The main variables of interest were grouped according to type. The main quantitative variables were the numbers of articles per center and per province. Publication quality was reflected by the number of cites per center and per province. Research topics were studied based on author-provided keywords referring to dermatologic diseases. Terms referring to diagnostic techniques and treatments were excluded. Each of the 2352 keywords from the 1104 included articles were examined. Keywords not referring to dermatologic diseases were excluded. This approach yielded 875 keywords, which were then homogenized with OpenRefine software.16 Keywords for which we found few cases or in highly heterogeneous groups were recorded in accordance with higher level categories until we were left with 73 topics distributed in 5 categories: skin tumors, inflammatory skin conditions, autoimmune skin diseases, pediatric skin diseases, and other. Each category encompassed 10 specific topics (the ones that yielded higher numbers of cases, plus 1 topic labeled “other” to receive the remaining keyword topics). When interpreting our results for topics it is important to remember that keywords were the units of evaluation, not articles. Not all articles contained published keywords provided by authors, and some articles included several keywords referring to dermatologic diseases.

Search Strategy

Titles were harvested from the Scopus database because it includes all articles indexed in both MEDLINE and Embase and provides information on cites received by each article.

The search was undertaken on November 6, 2015 using the following strategy: (AFFILCOUNTRY (spain OR espana OR spanien OR espagne OR espanha) AND AFFILORG (dermat*)) AND PUBYEAR>2004 AND PUBYEAR<2015.


The search returned 8617 titles, 1104 of which (12.8%) met the inclusion criteria to be considered clinical research in dermatology after elimination of articles according to exclusion criteria (Fig. 1).

Figure 1.

Flow chart of the process of including and excluding articles for the study.

Map of Research Output and Cites by Provinces

Figure 2 is a map of the absolute numbers of clinical research articles and cites according to Spanish province. Data tables are provided in the online supplement.
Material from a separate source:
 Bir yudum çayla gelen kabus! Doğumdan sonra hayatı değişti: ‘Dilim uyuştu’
Researchers in Barcelona and Madrid published the largest number of articles and accumulated the most cites. The map also facilitates comparison of the number of published articles and cites per article between provinces by means of circle circumferences: the greater the difference between the circumference of the darker circle, reflecting the number of cites, and the lighter circle, reflecting the number of articles, the larger the number of cites per publication on average. For example, researchers in Malaga published more articles (55) than researchers in Seville (42). However, of the articles from Seville made a greater impact in terms of the number of cites they received (486 vs 287 for the articles from Malaga). The mean (SD) number of cites per article was about 2-fold greater for Seville than for Malaga (11.6 [16.9] vs 5.2 [5.2]). Tables with mean values are provided in the online supplement.

Figure 2.

Map of scientific output and impact of research in clinical medicine in dermatology according to Spanish provinces. The numbers of publications and cites accumulated are represented by proportional concentric circles.
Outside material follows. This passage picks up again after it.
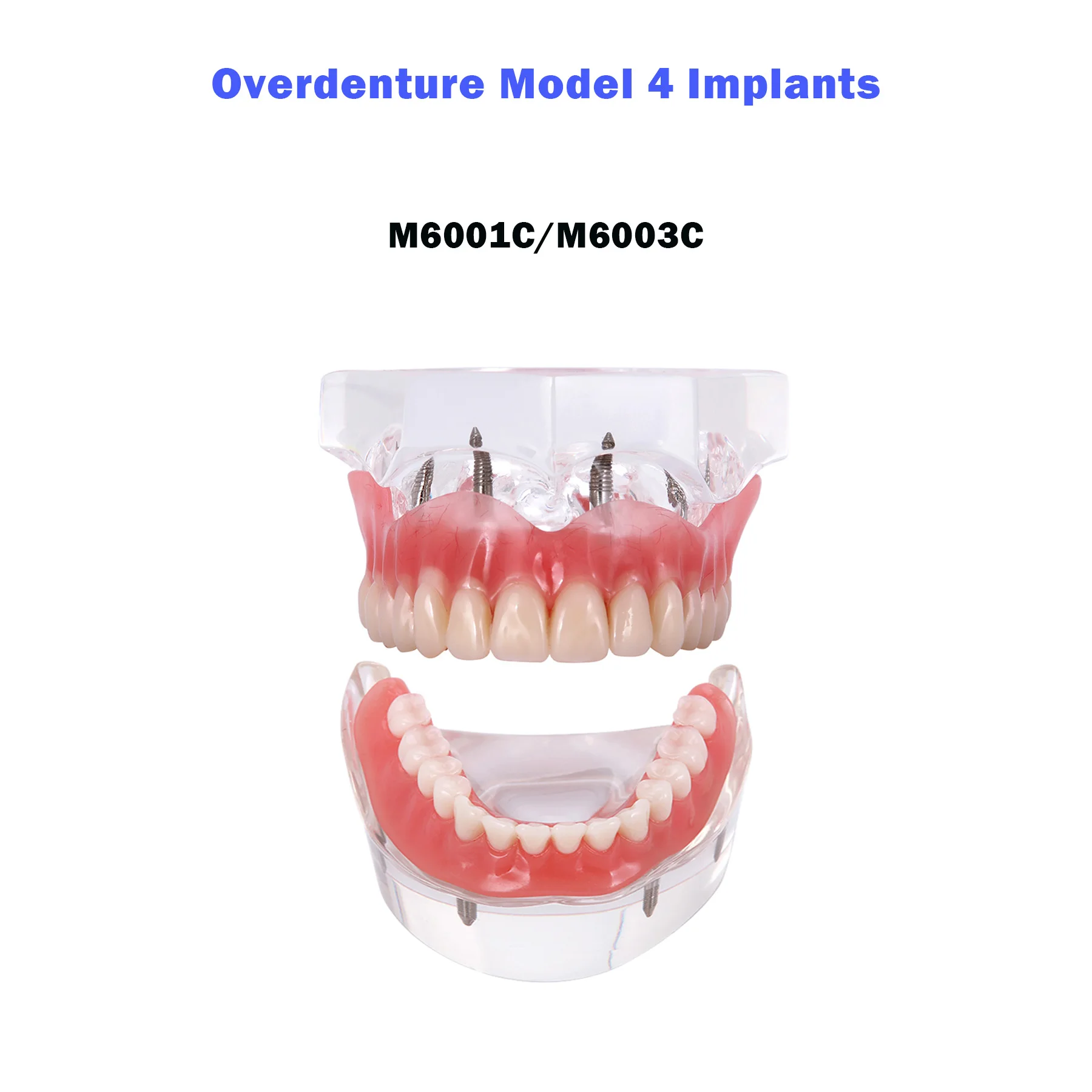 

Dental Teeth Model With 4 Implants Overdenture Removable Bridge For Dentist Patient Communication Demo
Research Output and Cites by Hospital or Other Center

Data tables for mapping relationships between hospitals or other research centers and their output in volume of clinical research publications, number of cites, average number of cites per article, and level of evidence according to CEBM categories are provided in the online supplement. The 3 hospitals with the most publications were Hospital Clínic de Barcelona, Instituto Valenciano de Oncología, and Hospital del Mar.
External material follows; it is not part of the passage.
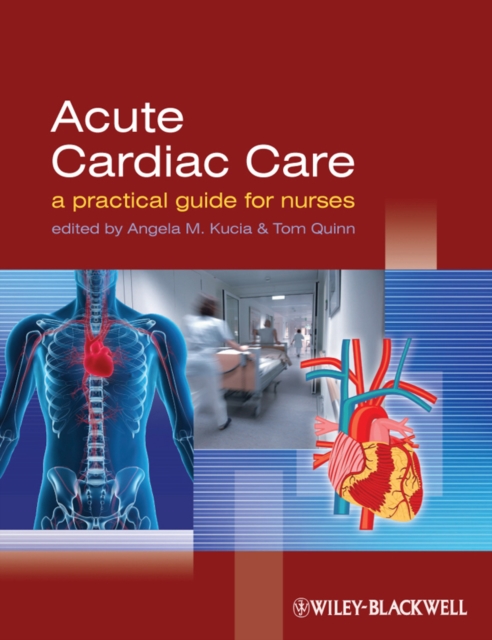 Acute Cardiac Care : A Practical Guide for Nurses, Paperback / softback Book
These centers were also the ones that received more cites overall (see online supplement).

Clínica Plató, Hospital de Sant Pau i Santa Tecla, and Hospital Marqués de Valdecilla were the centers with the most cites per article among those publishing more than a single article during the period (see online supplement).

Centers with the most publications with CEBM evidence levels of 4 or better were Instituto Valenciano de Oncología, Hospital Clínic de Barcelona, and Hospital de La Princesa. Clínica Plató was the center with the largest number of publications categorized in CEBM evidence level 1a (see online supplement).

Research Topics by Center

The most common research topics were melanoma, psoriasis, and dermatitis/eczema. Hospital Clínic de Barcelona, Instituto Valenciano de Oncología, and Hospital Gregorio Marañón published the most articles specifying melanoma as a keyword. Hospital Sagrado Corazón, Hospital Central de Asturias, and Hospital San Cecilio published the most articles referring to psoriasis. Finally, Hospital General de Alicante, Hospital General de Valencia, and Hospital de Santiago de Compostela were the centers with the most articles specifying dermatitis/eczema among the keywords.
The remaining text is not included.